Jugged Hare
by Cab DavidsonIngredients
1 large brown hare (skinned, with liver, heart, kidneys and blood saved)
4 oz fatty bacon, chopped
2 tablespoons olive oil
1 onion, peeled and chopped
1 large carrot, peeked and chopped
2 sticks of celery, chopped fine
1 tablespoon of plain flour
1 oz butter
1 bottle of good red wine (elderberry or a chewy Glantrian red)

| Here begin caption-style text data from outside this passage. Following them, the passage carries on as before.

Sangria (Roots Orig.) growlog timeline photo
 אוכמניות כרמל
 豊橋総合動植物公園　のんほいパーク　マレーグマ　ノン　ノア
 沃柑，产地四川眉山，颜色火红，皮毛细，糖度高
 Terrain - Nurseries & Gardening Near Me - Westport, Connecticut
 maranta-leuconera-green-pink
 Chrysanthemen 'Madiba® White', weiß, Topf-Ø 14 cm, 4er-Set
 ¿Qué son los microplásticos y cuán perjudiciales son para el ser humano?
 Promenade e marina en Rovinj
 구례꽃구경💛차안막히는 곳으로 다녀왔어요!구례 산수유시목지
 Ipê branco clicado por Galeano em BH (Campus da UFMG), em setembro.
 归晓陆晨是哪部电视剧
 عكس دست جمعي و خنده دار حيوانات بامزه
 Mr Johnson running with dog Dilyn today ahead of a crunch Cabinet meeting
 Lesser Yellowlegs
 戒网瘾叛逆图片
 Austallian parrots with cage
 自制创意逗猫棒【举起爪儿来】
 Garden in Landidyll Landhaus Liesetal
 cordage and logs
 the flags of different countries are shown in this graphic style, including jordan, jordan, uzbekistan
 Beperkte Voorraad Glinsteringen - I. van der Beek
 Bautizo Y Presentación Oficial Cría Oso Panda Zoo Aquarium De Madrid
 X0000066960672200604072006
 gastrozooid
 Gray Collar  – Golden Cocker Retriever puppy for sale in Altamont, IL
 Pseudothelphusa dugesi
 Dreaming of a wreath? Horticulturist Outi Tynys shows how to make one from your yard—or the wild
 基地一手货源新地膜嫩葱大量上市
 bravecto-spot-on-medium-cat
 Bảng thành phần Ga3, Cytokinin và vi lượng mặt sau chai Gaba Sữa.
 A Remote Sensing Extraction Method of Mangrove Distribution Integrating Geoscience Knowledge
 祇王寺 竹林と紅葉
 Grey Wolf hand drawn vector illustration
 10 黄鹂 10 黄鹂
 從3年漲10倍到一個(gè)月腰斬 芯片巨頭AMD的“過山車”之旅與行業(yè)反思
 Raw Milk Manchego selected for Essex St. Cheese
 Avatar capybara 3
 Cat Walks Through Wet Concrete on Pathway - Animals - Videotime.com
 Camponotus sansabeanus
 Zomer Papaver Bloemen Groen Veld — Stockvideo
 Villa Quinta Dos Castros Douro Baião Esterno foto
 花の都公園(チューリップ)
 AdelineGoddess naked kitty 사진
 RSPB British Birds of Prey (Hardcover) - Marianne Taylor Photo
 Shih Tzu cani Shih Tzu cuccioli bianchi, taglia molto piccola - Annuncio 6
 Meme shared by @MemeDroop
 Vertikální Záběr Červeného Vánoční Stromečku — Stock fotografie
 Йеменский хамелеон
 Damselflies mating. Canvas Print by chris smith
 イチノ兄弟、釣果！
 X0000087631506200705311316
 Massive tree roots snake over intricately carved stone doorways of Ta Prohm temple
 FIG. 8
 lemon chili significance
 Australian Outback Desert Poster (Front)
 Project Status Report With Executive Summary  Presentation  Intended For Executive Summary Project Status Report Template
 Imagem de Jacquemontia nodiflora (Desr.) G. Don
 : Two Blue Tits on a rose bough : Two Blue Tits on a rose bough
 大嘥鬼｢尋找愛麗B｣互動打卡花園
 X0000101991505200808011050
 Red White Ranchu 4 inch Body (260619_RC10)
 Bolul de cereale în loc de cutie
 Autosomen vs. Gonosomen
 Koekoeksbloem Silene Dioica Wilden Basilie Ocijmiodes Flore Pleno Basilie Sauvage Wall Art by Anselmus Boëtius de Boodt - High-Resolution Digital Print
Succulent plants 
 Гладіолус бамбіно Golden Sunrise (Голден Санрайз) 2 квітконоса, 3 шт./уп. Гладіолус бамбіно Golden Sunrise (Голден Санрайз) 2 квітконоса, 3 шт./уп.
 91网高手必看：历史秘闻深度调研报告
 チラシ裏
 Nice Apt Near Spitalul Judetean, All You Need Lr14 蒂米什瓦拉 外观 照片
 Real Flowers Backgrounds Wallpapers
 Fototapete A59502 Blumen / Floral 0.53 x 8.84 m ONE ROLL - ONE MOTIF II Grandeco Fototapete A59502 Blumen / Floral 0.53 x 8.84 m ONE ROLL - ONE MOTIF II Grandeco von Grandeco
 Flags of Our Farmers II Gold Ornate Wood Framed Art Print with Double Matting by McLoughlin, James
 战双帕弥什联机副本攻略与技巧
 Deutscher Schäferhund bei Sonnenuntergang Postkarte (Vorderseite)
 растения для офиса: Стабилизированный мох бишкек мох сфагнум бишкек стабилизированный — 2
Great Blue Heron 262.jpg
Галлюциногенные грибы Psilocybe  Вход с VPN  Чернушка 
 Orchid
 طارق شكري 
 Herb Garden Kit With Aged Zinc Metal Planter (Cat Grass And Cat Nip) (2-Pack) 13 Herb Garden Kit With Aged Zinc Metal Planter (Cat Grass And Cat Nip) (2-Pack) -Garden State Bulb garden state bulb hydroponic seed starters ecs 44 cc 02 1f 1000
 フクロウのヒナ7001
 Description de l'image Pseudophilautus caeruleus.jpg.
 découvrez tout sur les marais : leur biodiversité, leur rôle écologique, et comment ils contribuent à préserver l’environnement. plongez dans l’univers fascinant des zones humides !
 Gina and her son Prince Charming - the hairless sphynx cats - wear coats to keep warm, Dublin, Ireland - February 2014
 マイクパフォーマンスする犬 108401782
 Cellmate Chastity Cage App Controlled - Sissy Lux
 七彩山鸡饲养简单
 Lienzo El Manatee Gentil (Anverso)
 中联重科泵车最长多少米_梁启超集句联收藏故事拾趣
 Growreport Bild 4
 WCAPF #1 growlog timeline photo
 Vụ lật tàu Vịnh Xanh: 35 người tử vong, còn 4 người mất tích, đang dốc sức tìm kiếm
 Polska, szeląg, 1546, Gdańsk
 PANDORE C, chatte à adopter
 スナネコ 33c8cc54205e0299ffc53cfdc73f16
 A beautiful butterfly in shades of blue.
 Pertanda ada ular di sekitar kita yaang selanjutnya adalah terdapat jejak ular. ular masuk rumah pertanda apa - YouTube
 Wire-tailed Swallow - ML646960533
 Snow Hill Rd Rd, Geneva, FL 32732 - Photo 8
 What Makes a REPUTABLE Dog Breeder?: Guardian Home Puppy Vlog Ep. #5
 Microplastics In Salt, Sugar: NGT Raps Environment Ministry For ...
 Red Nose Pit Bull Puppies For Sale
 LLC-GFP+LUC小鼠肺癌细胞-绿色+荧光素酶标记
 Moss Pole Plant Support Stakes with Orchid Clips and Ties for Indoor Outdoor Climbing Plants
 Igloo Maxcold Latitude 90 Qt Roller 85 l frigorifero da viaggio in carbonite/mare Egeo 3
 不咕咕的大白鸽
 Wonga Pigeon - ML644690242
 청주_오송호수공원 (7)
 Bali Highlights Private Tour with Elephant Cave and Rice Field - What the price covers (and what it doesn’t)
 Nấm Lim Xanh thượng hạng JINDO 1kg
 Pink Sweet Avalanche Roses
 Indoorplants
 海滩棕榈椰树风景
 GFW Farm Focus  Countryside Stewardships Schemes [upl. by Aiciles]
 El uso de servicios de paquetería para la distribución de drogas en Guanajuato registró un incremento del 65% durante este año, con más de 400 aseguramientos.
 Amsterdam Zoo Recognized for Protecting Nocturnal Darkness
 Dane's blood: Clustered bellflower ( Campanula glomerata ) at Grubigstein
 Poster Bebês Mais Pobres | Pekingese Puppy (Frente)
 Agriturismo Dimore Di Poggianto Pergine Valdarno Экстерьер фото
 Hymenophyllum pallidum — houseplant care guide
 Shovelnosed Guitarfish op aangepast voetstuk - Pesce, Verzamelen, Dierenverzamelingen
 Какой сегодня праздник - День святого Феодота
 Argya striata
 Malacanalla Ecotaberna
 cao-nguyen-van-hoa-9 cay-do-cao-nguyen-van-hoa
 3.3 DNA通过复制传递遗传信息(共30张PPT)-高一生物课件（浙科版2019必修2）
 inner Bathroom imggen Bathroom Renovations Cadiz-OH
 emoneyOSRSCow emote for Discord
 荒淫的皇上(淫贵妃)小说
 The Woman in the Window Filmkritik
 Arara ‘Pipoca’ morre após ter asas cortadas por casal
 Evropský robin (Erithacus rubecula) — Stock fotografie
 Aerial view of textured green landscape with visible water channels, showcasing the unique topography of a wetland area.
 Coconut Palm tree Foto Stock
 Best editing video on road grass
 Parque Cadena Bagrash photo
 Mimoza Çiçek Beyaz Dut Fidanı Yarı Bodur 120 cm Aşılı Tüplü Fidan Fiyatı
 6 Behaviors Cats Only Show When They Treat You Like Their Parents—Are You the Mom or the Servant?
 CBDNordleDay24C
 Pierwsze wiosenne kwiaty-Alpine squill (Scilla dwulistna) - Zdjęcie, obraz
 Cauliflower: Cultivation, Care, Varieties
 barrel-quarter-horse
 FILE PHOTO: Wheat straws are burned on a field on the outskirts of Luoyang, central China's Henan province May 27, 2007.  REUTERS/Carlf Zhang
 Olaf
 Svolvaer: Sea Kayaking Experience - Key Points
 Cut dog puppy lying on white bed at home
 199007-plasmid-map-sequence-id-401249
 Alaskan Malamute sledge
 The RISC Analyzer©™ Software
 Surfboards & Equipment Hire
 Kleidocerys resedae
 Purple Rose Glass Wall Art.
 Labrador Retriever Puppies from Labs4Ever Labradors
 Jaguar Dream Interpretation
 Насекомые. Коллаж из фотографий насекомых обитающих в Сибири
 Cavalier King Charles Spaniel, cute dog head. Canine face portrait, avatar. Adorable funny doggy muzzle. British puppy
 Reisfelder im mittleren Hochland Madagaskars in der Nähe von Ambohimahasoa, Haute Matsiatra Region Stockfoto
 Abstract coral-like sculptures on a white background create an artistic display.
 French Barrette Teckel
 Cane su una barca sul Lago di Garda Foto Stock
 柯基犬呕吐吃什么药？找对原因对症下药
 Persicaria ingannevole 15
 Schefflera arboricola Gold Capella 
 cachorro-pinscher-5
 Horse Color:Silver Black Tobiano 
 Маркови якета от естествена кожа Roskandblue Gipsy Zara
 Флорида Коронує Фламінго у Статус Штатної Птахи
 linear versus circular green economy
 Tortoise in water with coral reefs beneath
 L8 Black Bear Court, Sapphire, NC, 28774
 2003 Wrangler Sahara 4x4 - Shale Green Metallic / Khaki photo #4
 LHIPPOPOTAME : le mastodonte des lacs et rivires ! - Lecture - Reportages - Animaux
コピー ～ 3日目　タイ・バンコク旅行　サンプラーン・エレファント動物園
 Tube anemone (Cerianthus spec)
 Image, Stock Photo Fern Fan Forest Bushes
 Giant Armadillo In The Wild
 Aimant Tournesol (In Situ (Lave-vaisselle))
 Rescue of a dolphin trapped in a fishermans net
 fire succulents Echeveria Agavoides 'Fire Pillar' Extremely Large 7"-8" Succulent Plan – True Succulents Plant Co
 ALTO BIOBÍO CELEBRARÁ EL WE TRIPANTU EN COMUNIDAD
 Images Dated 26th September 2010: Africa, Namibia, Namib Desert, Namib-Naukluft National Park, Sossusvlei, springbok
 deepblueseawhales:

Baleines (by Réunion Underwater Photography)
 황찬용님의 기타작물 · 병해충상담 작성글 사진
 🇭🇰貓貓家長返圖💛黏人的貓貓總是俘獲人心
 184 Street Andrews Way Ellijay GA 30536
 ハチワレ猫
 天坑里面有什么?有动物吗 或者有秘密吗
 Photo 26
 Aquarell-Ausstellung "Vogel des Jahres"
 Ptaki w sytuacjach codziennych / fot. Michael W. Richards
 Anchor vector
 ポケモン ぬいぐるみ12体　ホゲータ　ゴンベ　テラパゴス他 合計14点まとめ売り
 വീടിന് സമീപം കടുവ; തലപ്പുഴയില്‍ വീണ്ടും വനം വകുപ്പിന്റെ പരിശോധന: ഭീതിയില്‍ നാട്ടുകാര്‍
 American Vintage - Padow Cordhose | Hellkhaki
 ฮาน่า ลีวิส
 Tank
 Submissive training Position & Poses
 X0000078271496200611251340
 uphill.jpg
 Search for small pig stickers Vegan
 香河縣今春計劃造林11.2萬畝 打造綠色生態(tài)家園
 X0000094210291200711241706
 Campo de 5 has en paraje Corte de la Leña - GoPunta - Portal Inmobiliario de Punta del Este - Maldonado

Sprigs of thyme, chervil, parsley and rosemary
A good half pound of mushrooms (may buns, penny buns and sticky buns are good, depending on time of year)
3 cloves of garlic
Salt and pepper to tasteMethod
Joint the hare, cutting the saddle in to four of five pieces, and put it into your best pottery cooking vessel. Crush the garlic, chop the herbs, mix with salt and pepper, the olive oil and the wine. Add this to the hare, cover tightly and leave it for several hours to marinade.
After this, warm the butter in a skillet, lift out and scrape the hare clean of its marinade, which should be saved in the pot. Coat the hare with flour, and fry until golden before removing and placing it back in the earthenware pot. Now in the sake skillet fry your bacon, carrot, onion, and celery, along with the heart, liver and kidneys of the hare, again chopped fine, and when stating to brown add that back to the pot with the hare.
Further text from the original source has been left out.